E... finalmente... por que eu tenho uma dissertação ou uma tese pra escrever?

Escreva uma dissertação com isso: criança doente, criança chorando querendo sua atenção, babá que falta ou que espera que você cuide da criança porque, oras, você está em casa “só” estudando, dívidas pra pagar porque você contratou mais cuidadores pra dar conta de escrever, trabalho formal e vários bicos porque você tem que dar conta de pagar toda essa estrutura...

E qual o apoio público que a gente recebe diante desses condicionamentos?
A capes dá só 6 meses de prorrogação da “rica” bolsa que você, até um tempo atrás não podia acumular com nenhum trabalho...
A maioria das universidades não tem creche.

Seja mestra assim! Seja doutora assim!

E isso porque eu consegui, em alguns momentos desses dois anos, ter acesso a creche e babá por conta da renda que eu conseguia com meu trabalho, bicos e com os vários empréstimos familiares ou bancários, que eu ainda hoje pago. E as mulheres que nem isso tem? Como ser mestras e doutoras com isso?

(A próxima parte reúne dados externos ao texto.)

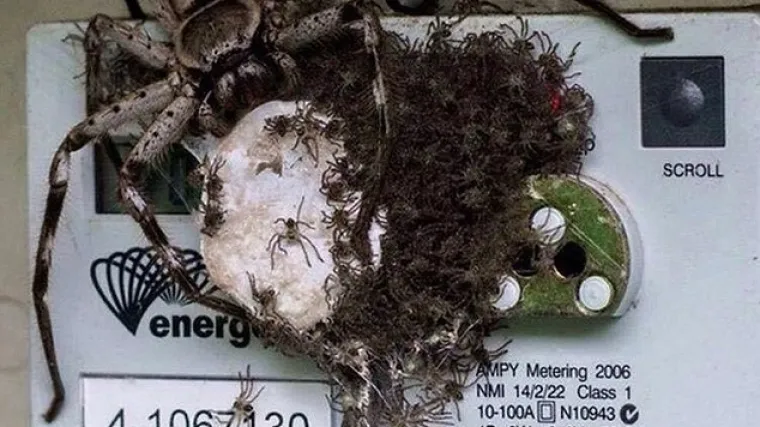 Prizor zbog kojeg je već pola interneta uprljalo gaće, a uskoro ćete i vi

Muitas pessoas têm me chamado de guerreira e corajosa esses dias.
Olha, fui mesmo.
Não tenho nem idéia de como eu consegui fazer.
Mas eu digo com toda a certeza: eu não queria ter sido.
Eu não acho que isso é um mérito.
Eu acho que isso acaba caindo bem em uma das mentiras do próprio patriarcado em um nó com o capitalismo de que as mulheres são capazes de fazer essas múltiplas tarefas e os homens não conseguem.
Muitas de nós não conseguem mesmo e desistem dos seus sonhos no meio do caminho e acabam tendo que ficar na sombra financeira, emocional, política e social de homens.

É o seguinte: o machismo pode matar sonhos e pode dilacerar e massacrar as mulheres que ousam tentar sonhar, mesmo com barreiras e obstáculos materiais tão bem forjados.
Sou mestra, apesar de tanta coisa que quase me impediu de ser.
Me sinto vitoriosa, é verdade, mas além de estar aliviada e feliz, me vem um incômodo que precisa ser dito.
Acho que eu e outras mulheres não queremos ser guerreiras.
Queremos uma outra sociedade em que a divisão sexual do trabalho e os trabalhos ditos reprodutivos sejam de todas e todos e valorizados e valorados de igual forma.

Voltei, Marias.
Não sei ainda bem como será essa volta, mas uma coisa eu prometo, como sempre prometi:
Vamos incendiar esse país!

Um comentário:

  1. Lindo depoimento, Diana, fiquei emocionado! Obrigado por revelar uma parte do universo feminino das mães. Ao nos compreendermos mais oxalá possamos avançar na busca dessa sociedade que desejamos.